There’s a scene of the 1987 movie Dragnet, starring Dan Aykroyd and Tom Hanks, set in downtown Los Angeles. Alas, a still of the exact moment seems to be beyond my searching capability at the moment. But Aykroyd and Hanks are in downtown Los Angeles, and they’re about to get into their car. Every time I watch the movie, I get distracted by looking behind them. The air quality, or lack thereof, is apparent in any number of scenes, but in that one—the Los Angeles of my own childhood—you can barely see more than a few blocks, because the air is an awful brown.
Moments like these often tell us more about the time the movie is set in than the plot does. Look at what’s considered normal. Period pieces will capture a lot of that. They’ll get the clothes, the cars, and the decorating, but there are always going to be little details that are impossible to recreate simply because there’s only so much they can do. You can’t get it all, because you won’t notice them all. Unless you happen to be looking.
Watch what people eat in restaurants in media. That’s a detail that doesn’t get pick up on as much. What people eat is what’s considered normal for a character in their time and place. I forget which Perry Mason novel it is that has an entire paragraph explaining the concept of tortilla chips, because they would be considered exotic for people outside the American Southwest. I have a cookbook that talks about canned tortillas, a concept that horrified me and brought about some interesting stories from some of my older Californian friends and family.
Landscaping is another weird quirk. Especially in the houses down the block from the one the characters are actually visiting. There’s fashion in these things—we here in Washington State curse whoever brought Scotch broom to our shores—and it’s one of those things that’s hard to capture for an entire block, and you certainly can’t capture it for everything your characters drive past. Sure, you can find period footage to rear project, but the film grain is going to give you away. That’s true of things like street signs, too.
Even before a single character shows up, you can often tell when something was shot. If you get a cityscape shot in Los Angeles, you can often peg the decade by the exact shade of grey-brown of the air. Obviously, cityscapes will also show you what buildings are there and which aren’t—New York skylines have an extremely simple way of dating something as being between 1973 and 2001, of course. But there are things you can tell even if you’re looking at a considerably smaller slice of the city.

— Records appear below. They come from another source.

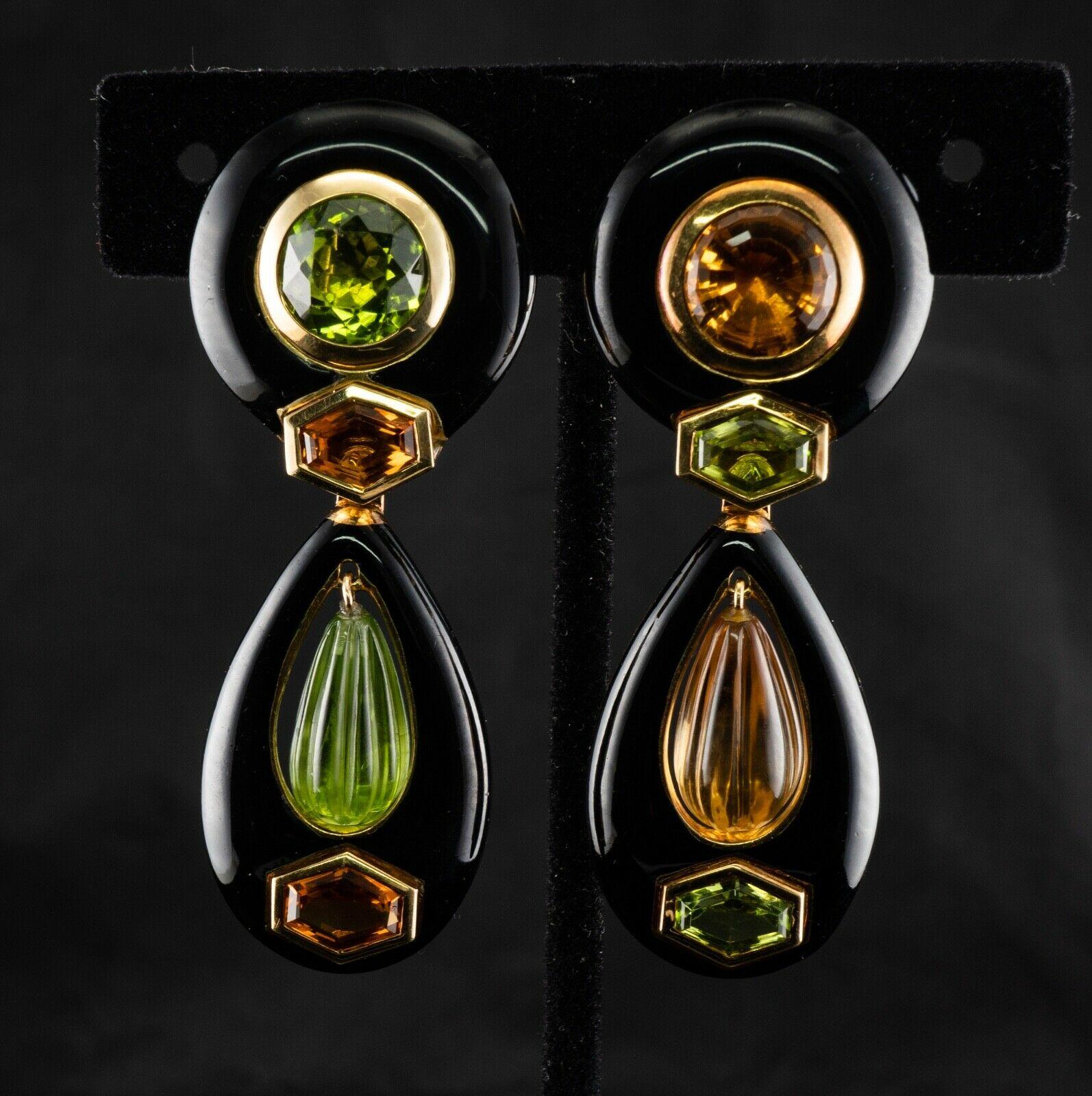 This gorgeous pair of earrings is made by Italian designer jewelry House Sabbadini. The earrings are crafted in solid 18K Yellow gold with black Onyx, genuine Earth mined Peridots and Citrines. The multifaceted Citrine and Peridot on the top measure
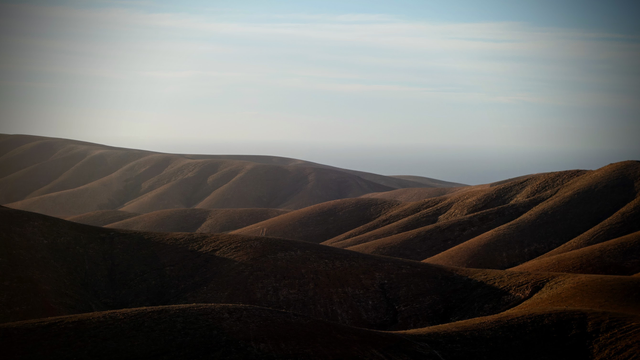 Eine karge wüstenartige Hügellandschaft wird am späten Nachmittag von der tief stehenden Sonne beschienen. Durch die Hänge in der Sonne und die Hänge mit Schatten verstärkt sich das Relief der Berge. 
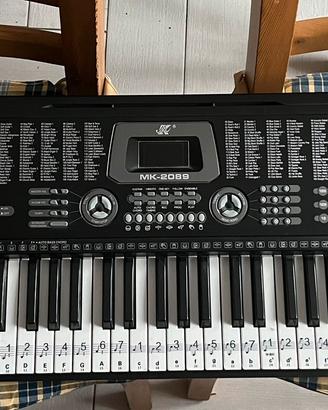 Pianola/ tastiera per pianoforte + flauto e libri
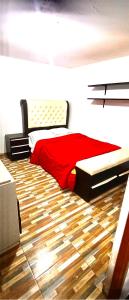 瓦拉斯Departamento Amoblado的一间卧室设有红色的床,铺有木地板。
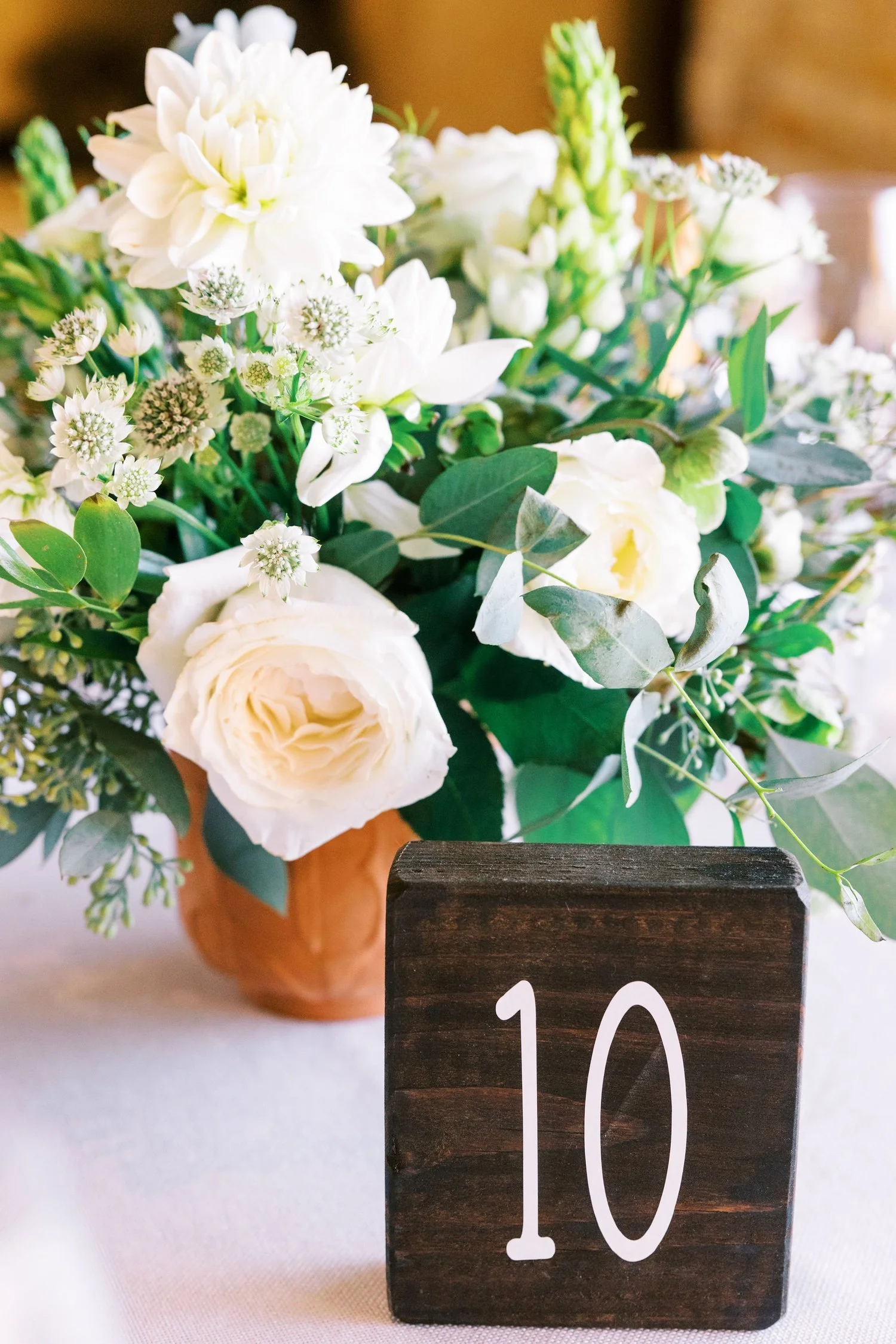 A floral centerpiece with white flowers and greenery in a brown vase, with a dark wood table number sign showing the number 10.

My kids will notice pay phones in the things they watch from my childhood. I notice rotary dials. Everyone notices hair—the hairspray of the ’80s, the ubiquitous Rachel cuts of the ’90s—but it takes a subtler eye to pick up on fashion in earrings. Even something as specific as a billboard or the exact design of a bus or a gas station sign. All of these things contribute to the way a piece looks, and that gives as much to the mood as the particularly garish plaid on the blazer of a guy stalking Jim Rockford.